Traders flip to betting on Fed hikes as inflation hits 6%
Bull Case
Fed funds futures now price in rate hikes as soon as December 2026, marking a dramatic reversal from cut expectations just weeks ago. Top economic forecasters project inflation hitting 6% in Q2, validating the bond market's aggressive repricing. The selloff across stocks and bonds reflects healthy market discipline forcing policymakers to confront reality before inflation expectations become unanchored.
Sources: CNBC (May 15, 2026)
Bear Case
The Treasury market's violent selloff signals the Fed is dangerously behind the curve on this second inflation wave. Wolf Street reports the government sold $691 billion in Treasury securities this week alone, pushing 10-year yields to 4.6% and 30-year yields to 5.12%. Bond markets are getting nervous because monetary policy operates with long lags — by the time the Fed acts, inflation could be entrenched.
Sources: Wolf Street (May 16, 2026)
Global Markets
Geopolitical tensions around Trump's failed China visit and the Strait of Hormuz crisis are compounding domestic inflation pressures. MarketWatch notes both stocks and bonds sold off simultaneously as fears of a 2022-style inflation problem return. International investors are pricing in supply chain disruptions and energy price volatility on top of existing domestic demand pressures.
Sources: MarketWatch (May 15, 2026)
What Your Feed Is Hiding
The massive $691 billion Treasury sale in a single week reveals the government is quietly dumping bonds into a falling market, amplifying the very inflation spiral traders are betting against. When the Treasury floods the market with new supply while investors are already fleeing bonds, it creates a feedback loop: higher yields make government debt service more expensive, requiring more borrowing, requiring more bond sales. The Fed may be forced to choose between fighting inflation and preventing a sovereign debt crisis.

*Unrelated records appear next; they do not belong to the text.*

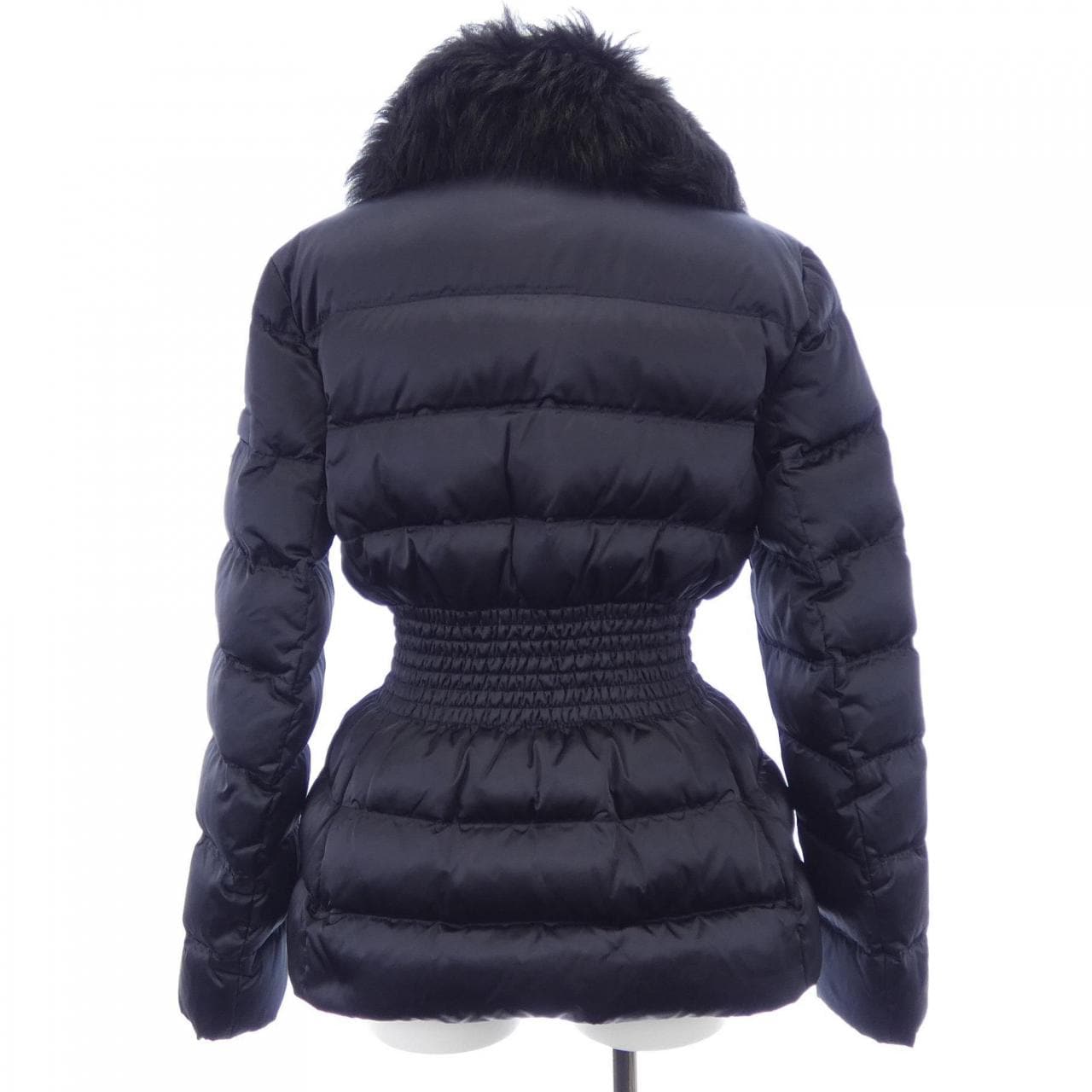 プラダ PRADA トライアングルロゴ 29P353 R202 ROK ダウンジャケット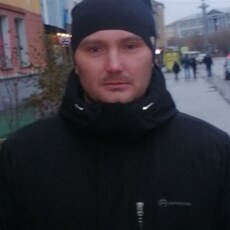 Фотография мужчины Павел, 38 лет из г. Киров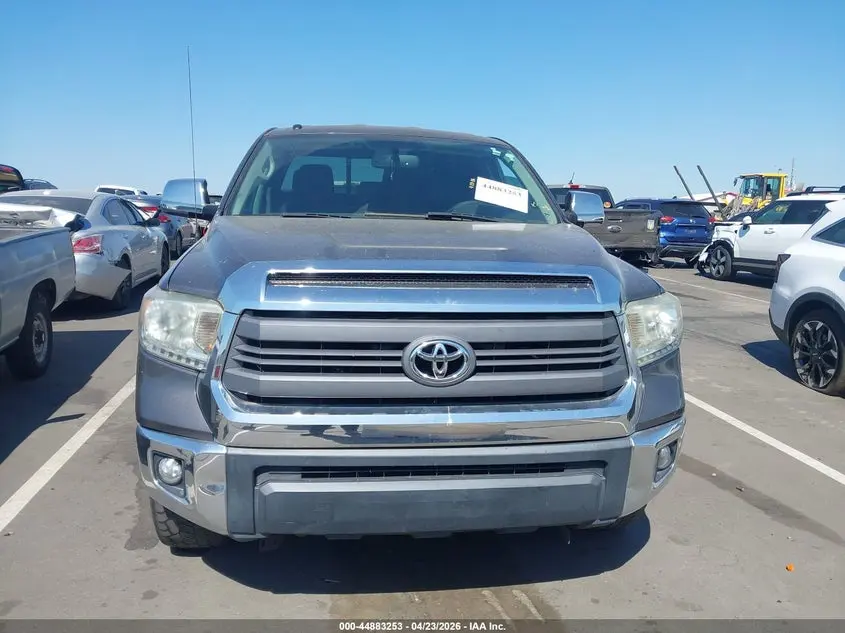 2014 TOYOTA TUNDRA SR5 5.7L V8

Key data: $691 billion Treasury securities sold in one week
Where They Actually Agree
All perspectives agree inflation is accelerating and the Fed's current policy stance is inadequate. Bulls, bears, and global analysts all acknowledge that 6% projected inflation represents a clear policy failure. The disagreement centers on timing and effectiveness of responses, not whether action is needed.
Community Pulse
Will the Federal Reserve raise interest rates by December 2026?
AI-generated analysis based on published sources. TheOtherFeed does not take political positions.